Второстепенным событием является появление в жизни Кафки «юного поэта», музыканта и гравера одновременно, время от времени навещающего его в бюро. Это сын коллеги по Агентству по имени Густав Яноух. Кафка принимает его скрепя сердце, поскольку вежливость мешает ему отказать. То приходится читать его стихи, то он приносит свои гравюры, однажды, например, он принес Троцкого и Благовещение («Видишь, — комментирует Кафка, — у него широкие взгляды»). Было бы неуместно упоминать здесь имя этого навязчивого человека, если бы он позднее не опубликовал Книгу, призванную передать потомству свои беседы с Кафкой. Он выпустил два издания, добавив во втором неизданные откровения и исповеди. Неосведомленному читателю трудно узнать в безапелляционных высказываниях, приписываемых Кафке, обычную осторожность и скромность писателя — вызывают удивление и тон, и содержание. Однако сочинение Яноуха долгое время рассматривалось как «приемлемый» источник, и, поскольку свидетельства о Кафке были редки, биографы и комментаторы широко его использовали. Позже было доказано, что в большей своей части эти «разговоры» являются апокрифами. Безусловно, нельзя клясться, что та или иная цитируемая фраза в действительности не была произнесена Кафкой, но поскольку нет критерия, позволяющего отличить истинное от ложного, книгу Яноуха ради осторожности следует рассматривать лишь как весьма неубедительные заметки о нескольких редких встречах с писателем Таково незначительное событие в биографии Кафки.
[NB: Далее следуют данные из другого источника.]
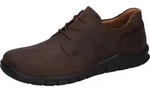 Waldl&auml;ufer Herren Halbschuh Hector 33756-10, 33756-10.5, 33756-11, 33756-11.5,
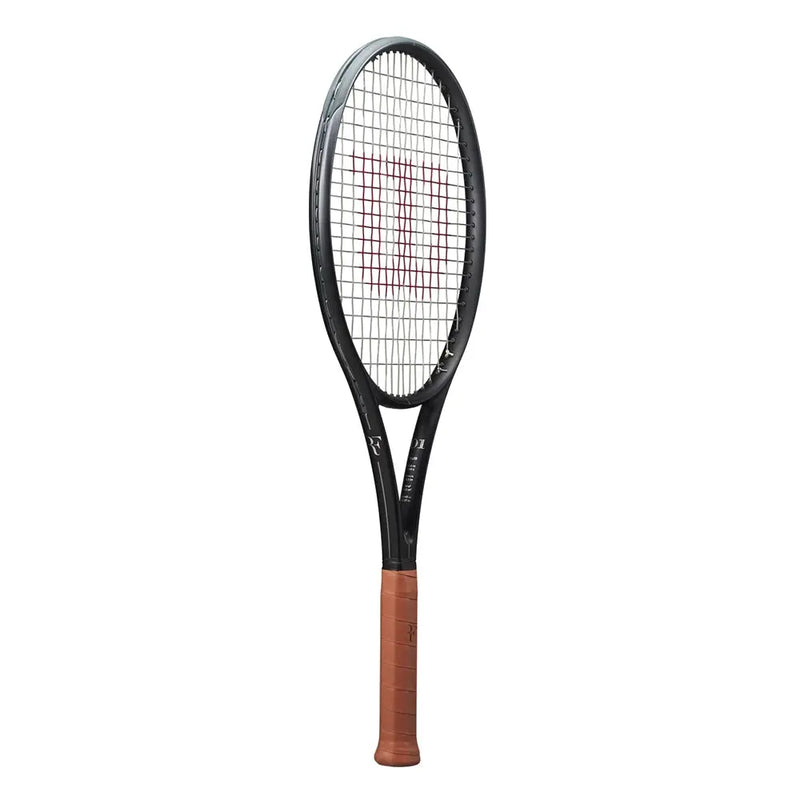 Wilson RF 01 Tennis Racquet Wilson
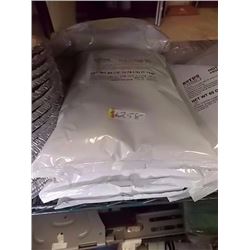 BOYD'S HO COCOA MIX - 3.75 LB PKG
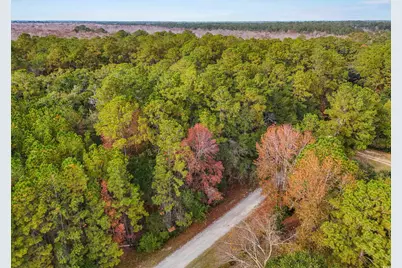 7 Santee Landing Rd., Georgetown, SC 29440 - Photo 10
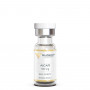 AICAR - 100mg
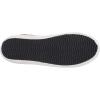 image:imageSteve Madden Womens StarlingGold Snake
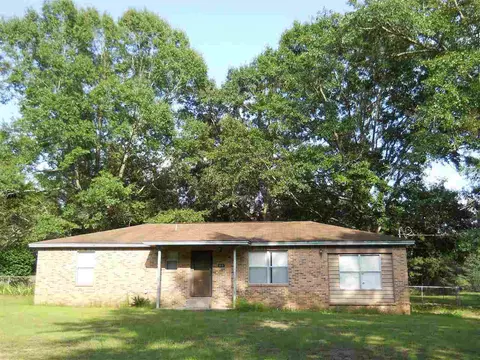 3010 Timber Run Ln, Jay, FL 32565 photo 1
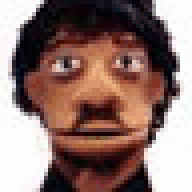 Macbrander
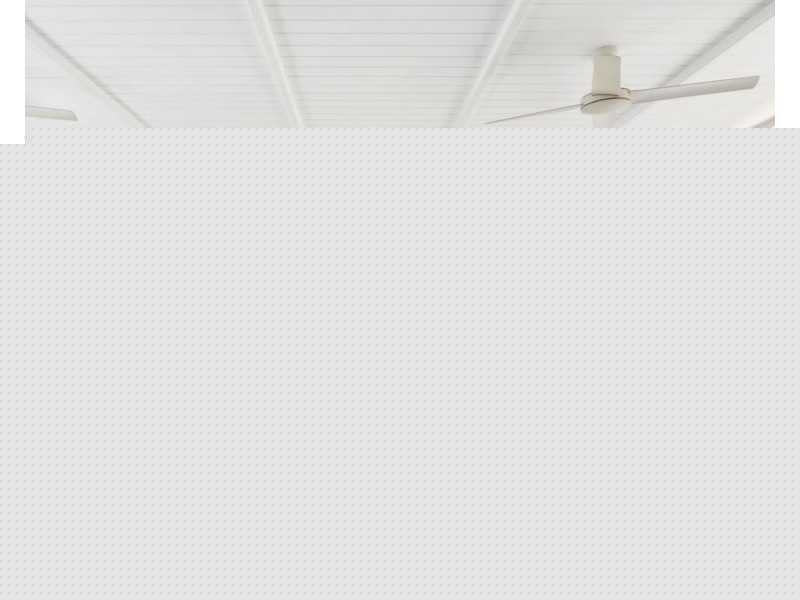 62 Jellicoe Street, Coorparoo QLD 4151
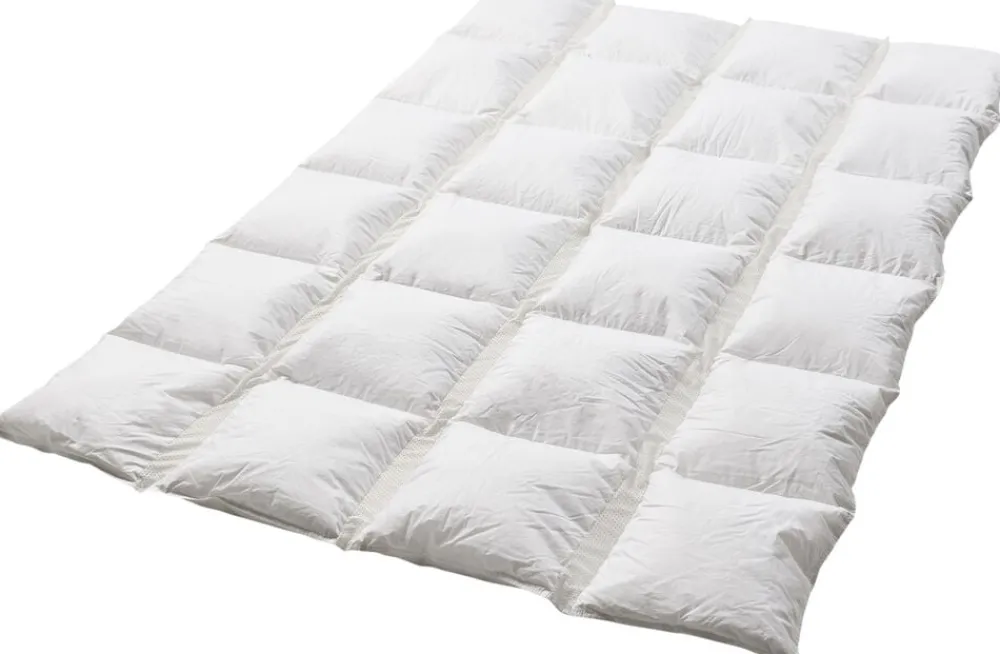 Relaxy SKYE Duvet, Medium 140x200 cm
Существенное же событие касается иудаизма. Положение еврея никогда не смущало Кафку в его отношениях с Миленой. Напротив, при случае он ее упрекает в том, что она имеет о евреях — и, следовательно, о нем — слишком хорошее мнение. В июне 1920 года, до встречи в Вене, он ей писал: «Иногда, например, меня охватывает желание засунуть их всех (включая себя) в ящик бельевого шкафа и подождать, затем чуть приоткрыть, чтобы проверить, все ли они уже задохнулись, если нет, снова закрыть ящик и продолжать так до конца». Далекий от того, чтобы исключить себя из еврейской массы, он пишет в другом письме, что, вероятно, он в большей мере, чем остальные, является «западным евреем», в большей мере лишенным жизненной силы и остроумия, в большей мере к тому же погруженным в повседневность без веры и без надежды. Упадок западных евреев становится образом, возможно, причиной его собственного упадка: как они, он без прошлого, без будущего. Но в другой раз, когда он видит в пражском еврейском отеле сотню эмигрантов, только что прибывших из России, он восклицает: если бы ему предоставили выбор, он хотел бы быть одним из этих маленьких еврейских мальчишек, пришедших с Востока — они так слиты со своей судьбой, со своей нищетой, со своим несчастьем, что не ощущают забот; даже если они не знают, где окажутся завтра, их жизнь имеет смысл, они существуют.